Requirement
Down to the last line, transcribe the records verbatim and exclude the images.
============
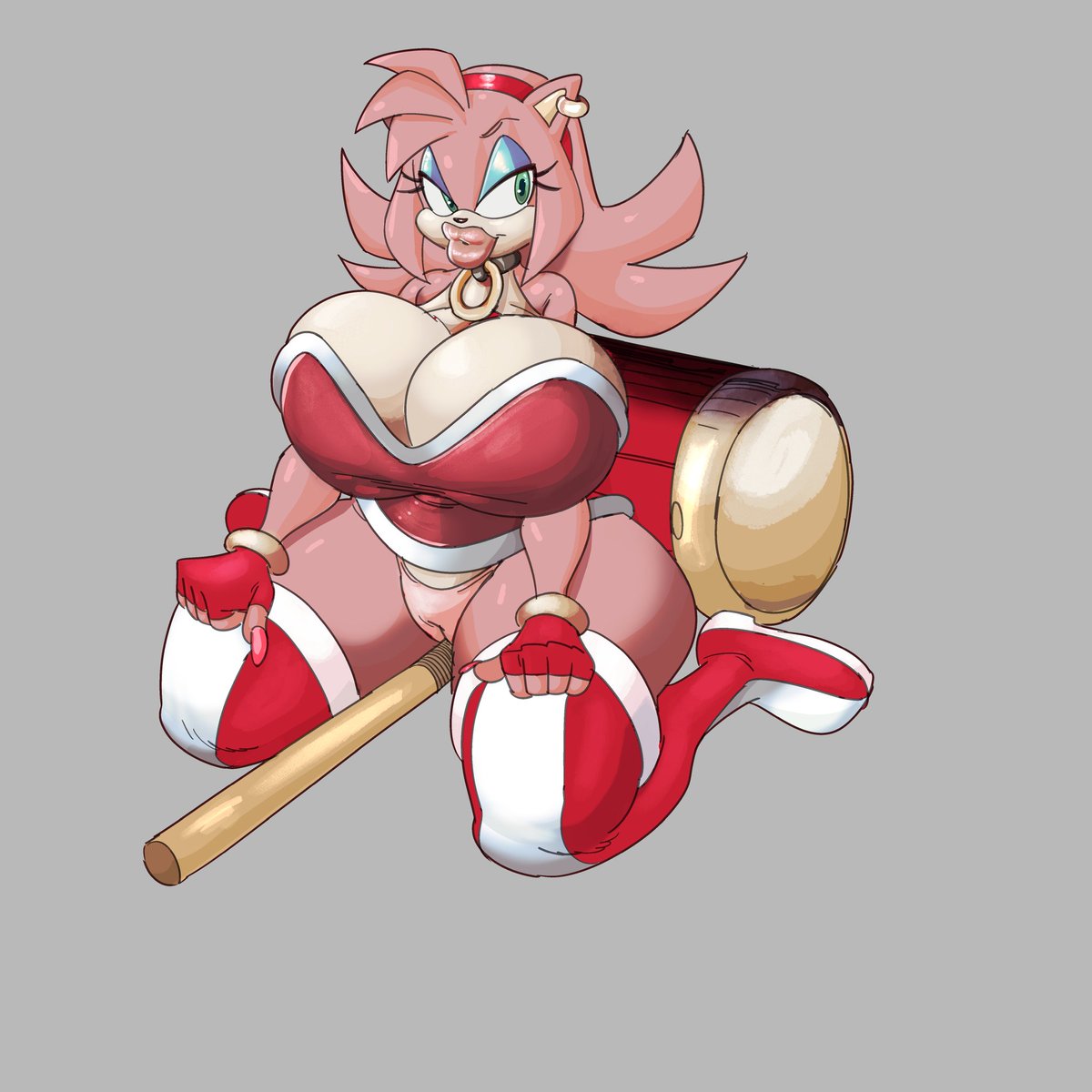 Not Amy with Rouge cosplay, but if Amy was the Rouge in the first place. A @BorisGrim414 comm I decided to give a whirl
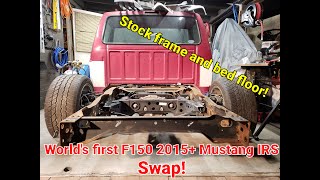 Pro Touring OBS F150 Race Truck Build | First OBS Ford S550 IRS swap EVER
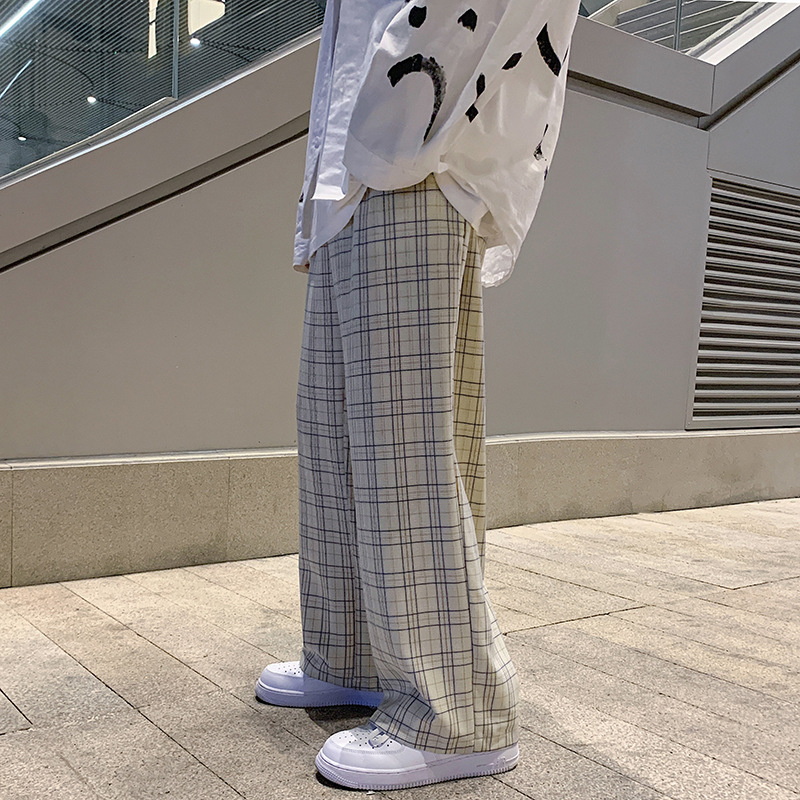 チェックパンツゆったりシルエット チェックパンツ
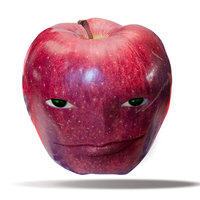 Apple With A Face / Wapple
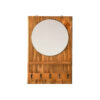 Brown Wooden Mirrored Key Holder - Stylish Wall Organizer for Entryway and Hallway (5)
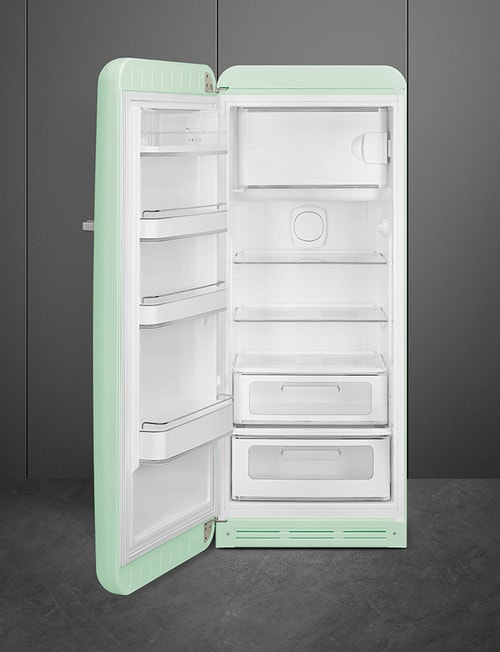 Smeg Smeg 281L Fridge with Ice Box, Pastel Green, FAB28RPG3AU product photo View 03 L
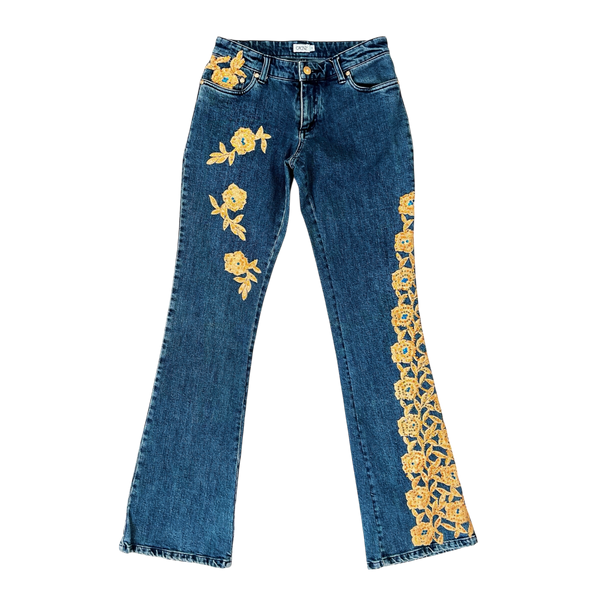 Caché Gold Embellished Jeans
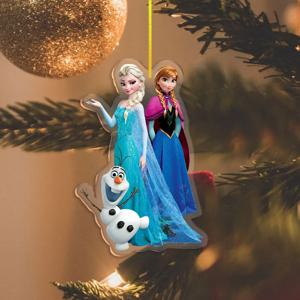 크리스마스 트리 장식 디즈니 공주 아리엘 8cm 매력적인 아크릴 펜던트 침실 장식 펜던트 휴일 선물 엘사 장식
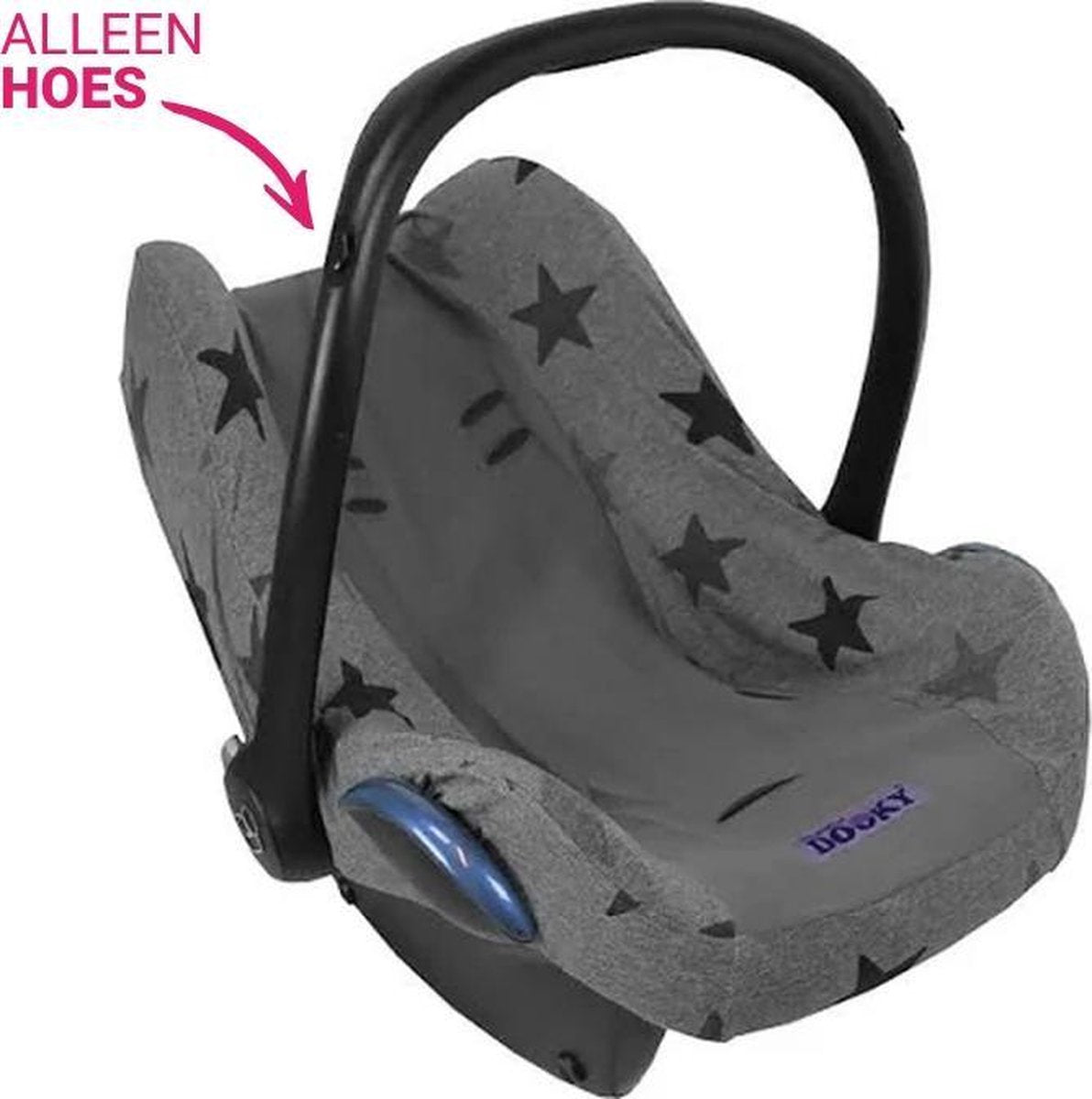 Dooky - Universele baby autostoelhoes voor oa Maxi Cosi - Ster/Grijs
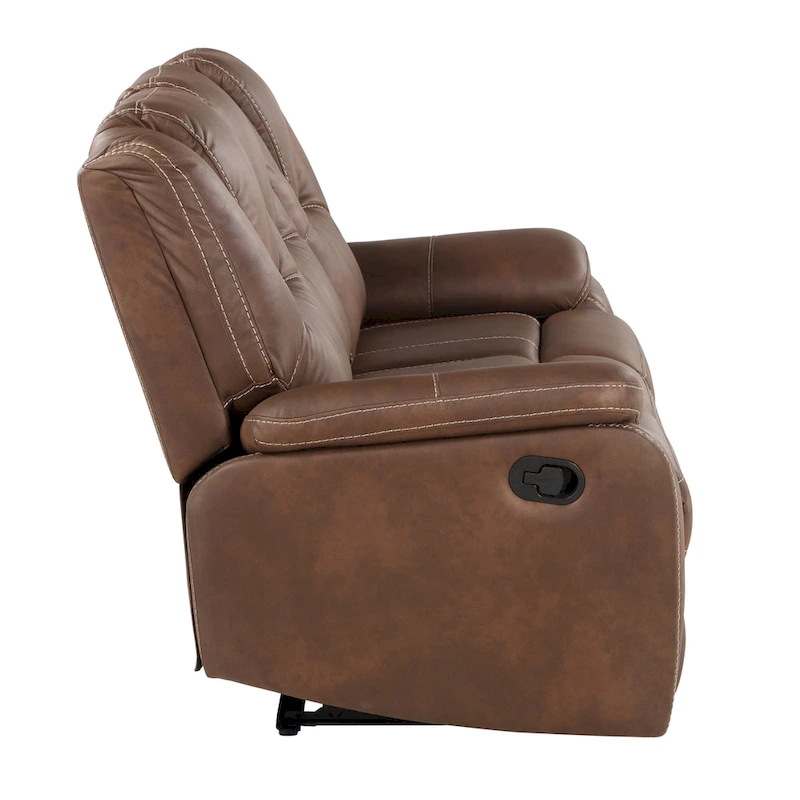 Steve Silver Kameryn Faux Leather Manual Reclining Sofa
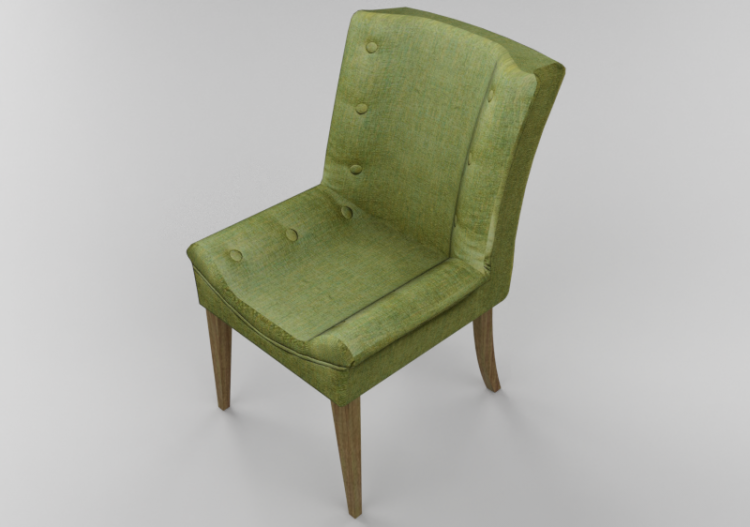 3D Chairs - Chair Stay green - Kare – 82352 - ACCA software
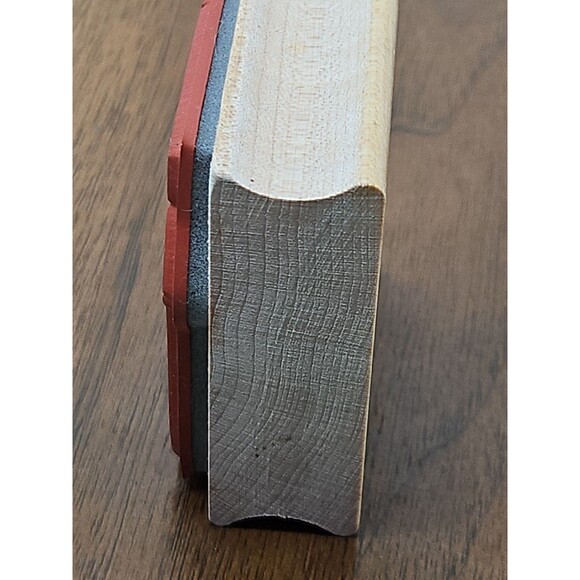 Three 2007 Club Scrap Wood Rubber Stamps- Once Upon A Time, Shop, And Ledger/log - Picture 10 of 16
============
Written response
 Not Amy with Rouge cosplay, but if Amy was the Rouge in the first place. A @BorisGrim414 comm I decided to give a whirl
 Pro Touring OBS F150 Race Truck Build | First OBS Ford S550 IRS swap EVER
 チェックパンツゆったりシルエット チェックパンツ
 Apple With A Face / Wapple
 Brown Wooden Mirrored Key Holder - Stylish Wall Organizer for Entryway and Hallway (5)
 Smeg Smeg 281L Fridge with Ice Box, Pastel Green, FAB28RPG3AU product photo View 03 L
 Caché Gold Embellished Jeans
 크리스마스 트리 장식 디즈니 공주 아리엘 8cm 매력적인 아크릴 펜던트 침실 장식 펜던트 휴일 선물 엘사 장식
 Dooky - Universele baby autostoelhoes voor oa Maxi Cosi - Ster/Grijs
 Steve Silver Kameryn Faux Leather Manual Reclining Sofa
 3D Chairs - Chair Stay green - Kare – 82352 - ACCA software
 Three 2007 Club Scrap Wood Rubber Stamps- Once Upon A Time, Shop, And Ledger/log - Picture 10 of 16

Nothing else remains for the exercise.